The analysis of singularities is a vital part of the modern theory of partial differential equations. Often it concerns finding the fundamental solution of a boundary value problem by taking the delta distribution as the source term or studying the singularities of solutions to partial differential equations.

In this research project, we focus on singularities in the coefficients of the equation. Such types of singularities naturally arise in many physical models, e.g. by jumps in material densities or in other physical quantities. These quantities may be further differentiated or multiplied and so complicating the type of singularity even further. The bottleneck is that, by the Schwartz impossibility result, the equation cannot be interpreted in a distributional sense. With aid of the promising notion of a very weak solution developed by Garetto and Ruzhanksy (Hyperbolic second order equations with non-regular time dependent coefficients. Arch. Rat. Mech. Anal., 217(1), 113–154, 2025) , such equations can be rigorously analysed even if the distributional interpretation of equations does not make sense.

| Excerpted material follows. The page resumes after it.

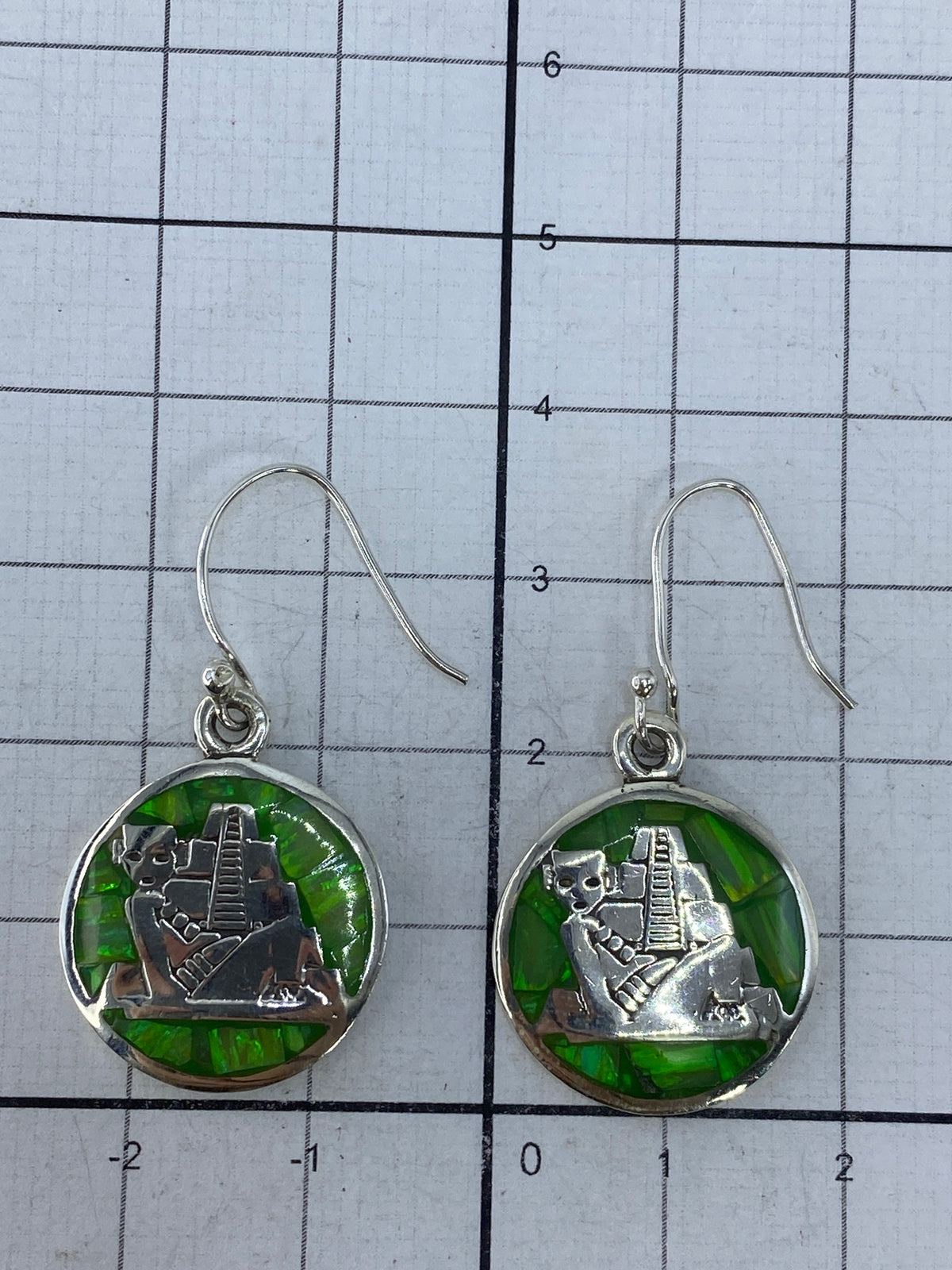 Reverso de los aretes con marca de Quinto 950 y firma de Taxco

The main aim of this challenging and ambitious project is to further explore and deepen the powerful machinery for dealing with PDEs with (strong) singularities. The goal of the project is to advance the development of a general well-posedness theory for linear and nonlinear initial-boundary value problems with strong singularities and to analyse the quantitative behaviour of very weak solutions. As applications, we target coupled problems, contact problems, and inverse problems.